Hey, you know that thing you thought about lard being bad for you? Well it isn't. So you can just file that thought away with your previous thoughts on eggs, wine, chocolate, coffee, and red meat being bad for you. I give it a year before we find out stabbing yourself in the eye isn't bad for you either.
It seems scientists had jumped to the wrong conclusion about lard many years ago. The theory was animal fats were bad for you and plant fats were good for you. Think Olive Oil and Avocado Oil, the darlings of the fat world. They're good for you, have high smoking points and are heart healthy.
Well guess what. Turns out lard is that type of fat too. Ergo, lard is good for you. Scientists have recently taken a big backtrack on their analysis of it being bad for you because it's high in the heart healthy monounsaturated fat.
Lard is now seen as a fat that's good for you. But there's a catch. It should be homemade lard.
Grocery store lard has preservatives BHA and BHT added to it so it has a longer shelf life. Those 2 preservatives are thought to be bad for you. But hey ... that's this week, right?
Luckily homemade lard is stupid easy to make.
HOW TO MAKE LARD
Leaf lard (your butcher will know what this is)
Step 1: Dice the fat into small pieces or (even better) put it through a grinder.
Step 2: Place the fat into a slow cooker along with ¼ cup of water.
Step 3: Slow cook on low/medium until all the fat has melted.

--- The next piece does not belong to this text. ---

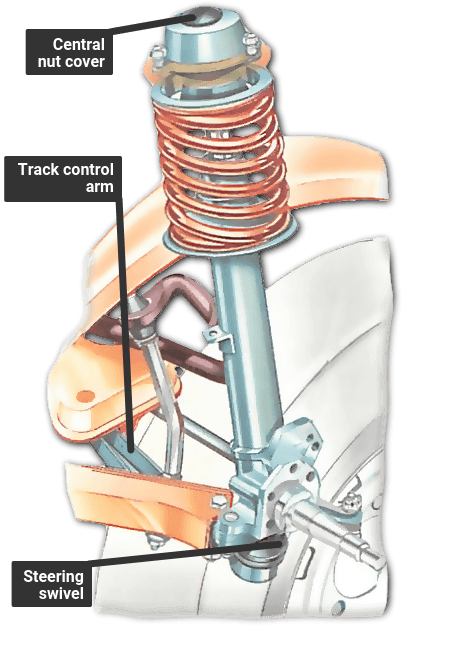 strut cartridge diagram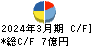 川本産業 キャッシュフロー計算書 2024年3月期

If it sticks add a bit more water. This will take several hours.
Step 4: Strain the fat into a jar. I don't like cheesecloth for this because it soaks up too much of the precious lard. I prefer a very fine mesh strainer.
Step 5: Store the lard in your fridge.
IDEA: Lard makes the world's best pie crust and pumpkin makes the world's best pie. And if you're going to make pumpkin pie, make it with real pumpkin.
1. Why leaf lard? Because it's the cleanest and softest fat on the pig which has no "piggy" smell or taste once rendered. It's gathered from around the kidneys of the pig. Fat from pasture raised pork is the best because you are what you eat. And so is the pig.
Where to find leaf lard? You can get it from a farmer's market or butcher shop.
Murray Thunberg, owner of Murry's Farm in Cambridge, Ontario which produces pasture raised heritage breed pork, firmly believes fat from his pigs (which is what I used) is especially good because his pigs are not only pasture raised but they aren't given any corn or soy products in their diet at all. I asked him what he thought of leaf fat as being the premium fat for rendering and he laughingly said he can't tell the difference between lard rendered from leaf fat or other fat. It all tastes good.
2. To dice, grind or grate? Lard takes a long time to render and it HAS to be done at a slow temperature otherwise it'll brown. The smaller your lard bits are the better it will render. No matter how you get your fat ready (dicing, grinding or grating) it'll all be easier if you're working with refrigerated fat that's easier to grate and slice because it's firmed up. Room temperature fat is soft, wiggly and harder to work with.
BEST - Grinding
2nd BEST - Grating or finely chopping in a food processor
3rd BEST - Dicing. It will still work, as I've shown in this post, but it's the most time consuming and least effective for getting the most out of your fat.
I also should invest in an actual Crock Pot (or any slow cooker) as opposed to this Instant Pot which I have very unfriendly feelings towards. You can read my unfriendly review of the Instant Pot here.
3. Why the water? Adding a bit of water just helps to stop the fat from burning/browning.
4. How to store it? There are a LOT of differing opinions on this on the Internet so take my advice with a few words of caution: I'm no expert. But I store my lard in the refrigerator.
I'm gonna say you could probably just store it on the counter being that fat is a natural preservative AND lard has more saturated fats in it than vegetable/seed oils so it stores longer without fear of going rancid. Also I think we've all become a little crazy when it comes to the fear of getting sick and dying from food.
For now, with the jar that I have, it's going to be used for a deep dish cigarette pie. Because didn't you hear? Those are good for you now too.
Just kidding. Cigarette pies have an aftertaste. Blueberry pie it is.